Dari dua ayat tersebut
diatas dapat ditarik kesimpulan bahwa sebenarnya menuntuk ilmu syari’at itu
akan memberikan banyak sekali faedah atau manfaat dan keuntungan bagi para
penuntutnya.Khususnya yang berkaitan kepentingan setiap individu muslim dalam
menjalankan syari’at agamanya.
Dengan menuntut ilmu
syar’i setiap individu muslim dalam melaksanakan agamanya akan terhindar dari
perbuatan yang mengada-ada (bid’ah ) yang tidak bersumber dari tuntunan
syari’at, baik tuntunan Al-Qur’an maupun As-Sunnah.

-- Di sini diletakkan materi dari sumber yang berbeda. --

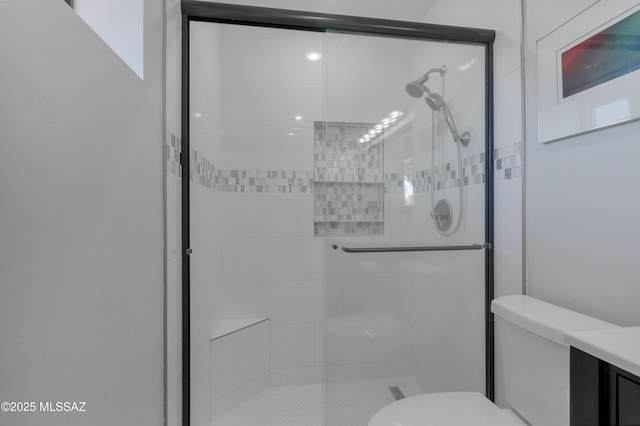 4921 N Boyd Ln, Tucson, AZ 85750 - bathroom featuring vanity, toilet, and a stall shower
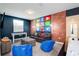 Inviting game room with a plush sofa, foosball table, and whimsical social media wall art at 8982 Cabot Cliffs Dr, Davenport, FL 33896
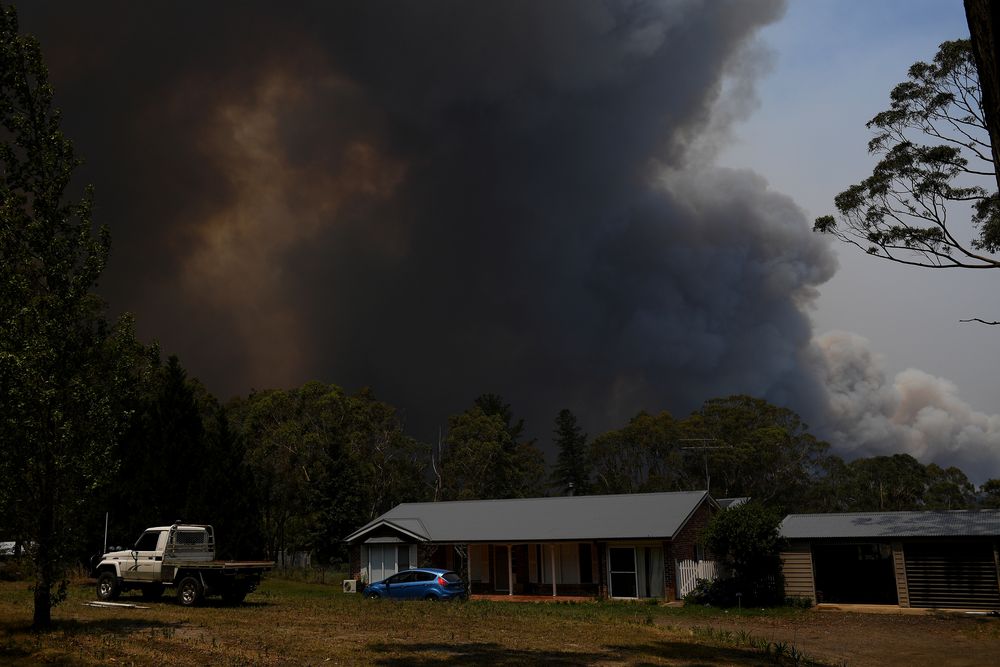 A home is seen as smoke from the Grose Valley Fire rises in the distance, at Bilpin, New South Wales, Australia, December 21, 2019. u00e2u20acu201d AAP Image/Dan Himbrechts via Reuters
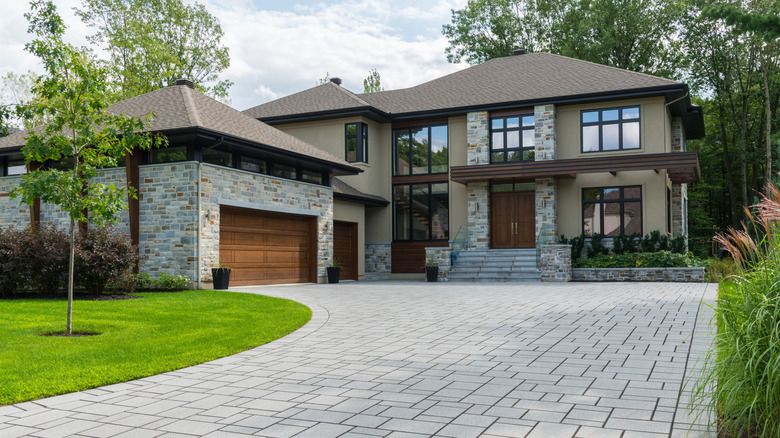 Modern home with interlocking paver driveway to a garage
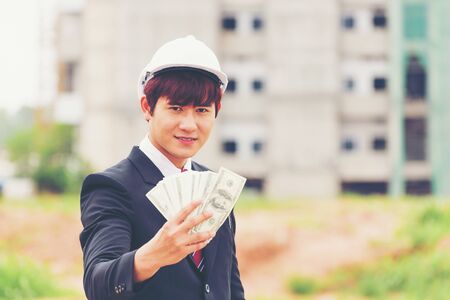 Engineer holding money on the building being under construction background, construction and architecture concept.の写真素材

Karena seperti kebanyakan
yang dilakukan oleh sebagian kaum muslimin dewasa ini sebagai akibat jauhnya
dari ilmu syari maka mereka jauh dari tuntunan as-Sunnah, mereka mengikuti apa
saja yang dikatakan orang-orang jadi panutan mereka seperti para ulama, ustadz,
kiayi, guru-guru mengaji meskipun sebenarnya apa yang disampaikan mereka
tersebut tidak berdasarkan dalil/nash yang dapat dipertanggung jawabkan.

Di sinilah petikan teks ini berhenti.